# PROMPT
Pictures should be excluded; otherwise, copy every entry exactly.
---+---
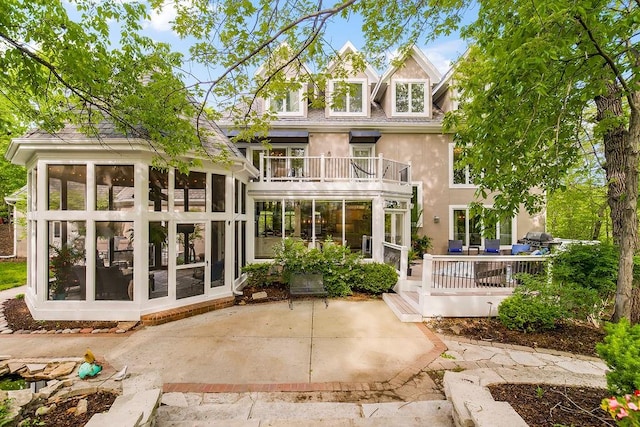 back of house featuring a patio, a balcony, and a sunroom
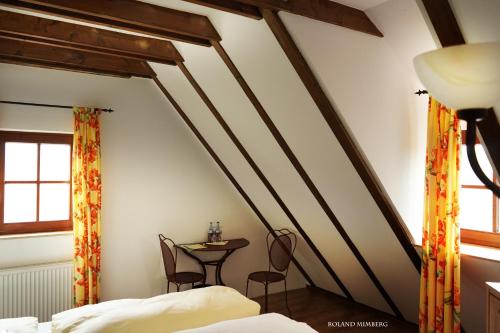 フォイヒトヴァンゲンにあるラント - ガスト - ホフ ヴァルクミューレの屋根裏にテーブルと椅子が備わるベッドルーム1室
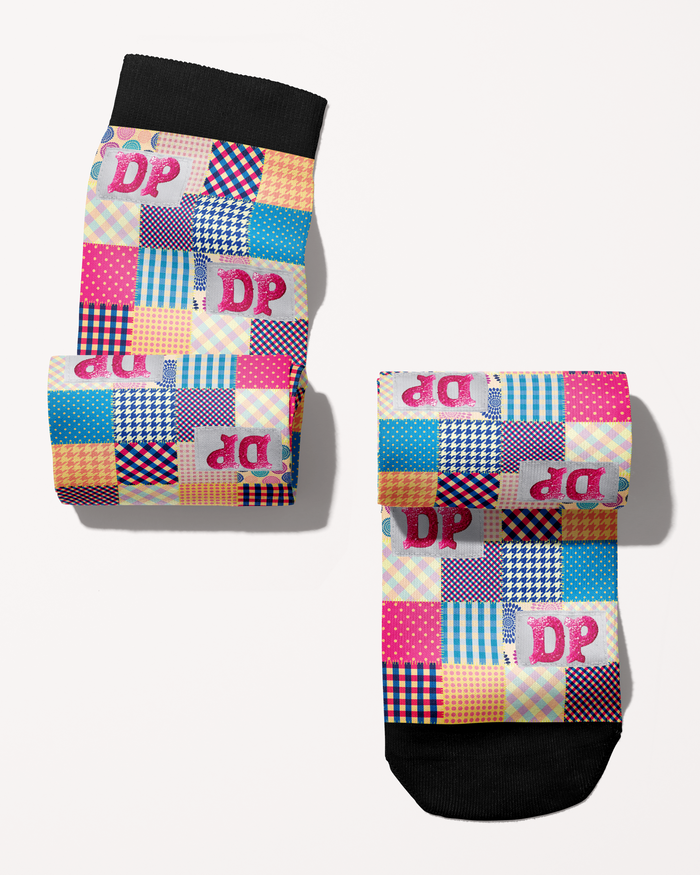 Socks of Many Colors boot socks rolled into a pair, DP patchwork pattern in pink and blue
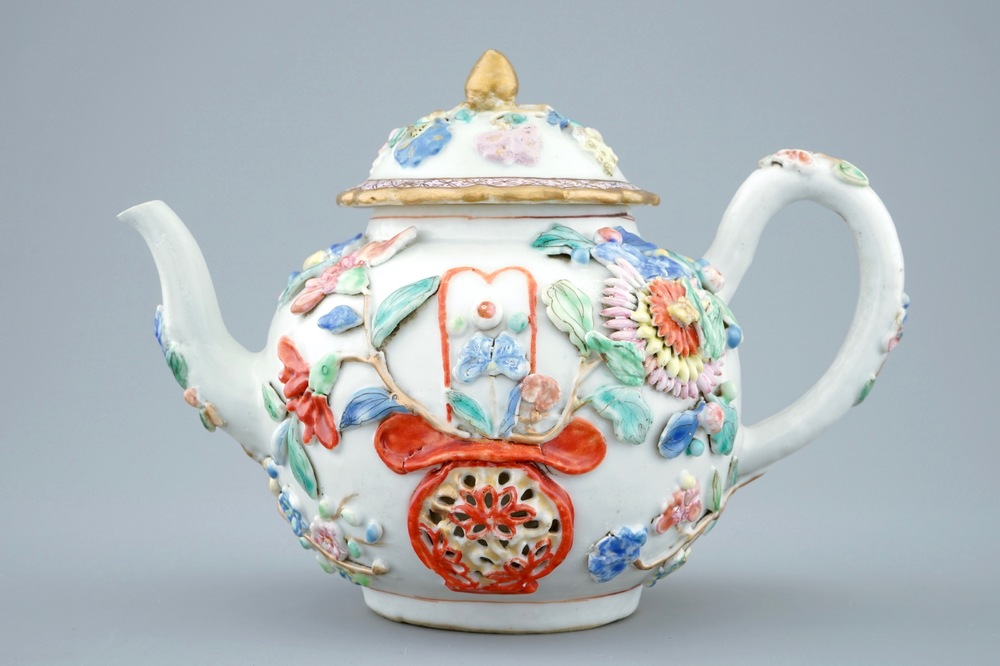 A Chinese relief-decorated famille rose teapot and cover, Yongzheng, 1723-1735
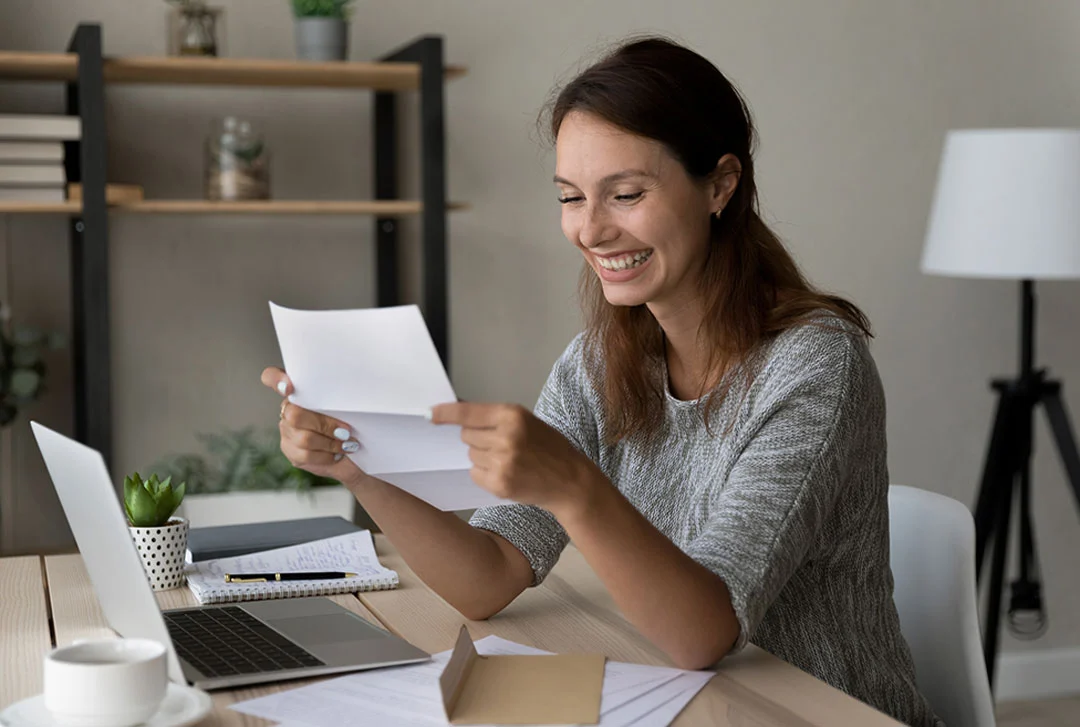Woman sitting at a desk with her laptop opens a letter and has a huge, excited smile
---+---
# SOLUTION
 back of house featuring a patio, a balcony, and a sunroom
 フォイヒトヴァンゲンにあるラント - ガスト - ホフ ヴァルクミューレの屋根裏にテーブルと椅子が備わるベッドルーム1室
 Socks of Many Colors boot socks rolled into a pair, DP patchwork pattern in pink and blue
 A Chinese relief-decorated famille rose teapot and cover, Yongzheng, 1723-1735
Woman sitting at a desk with her laptop opens a letter and has a huge, excited smile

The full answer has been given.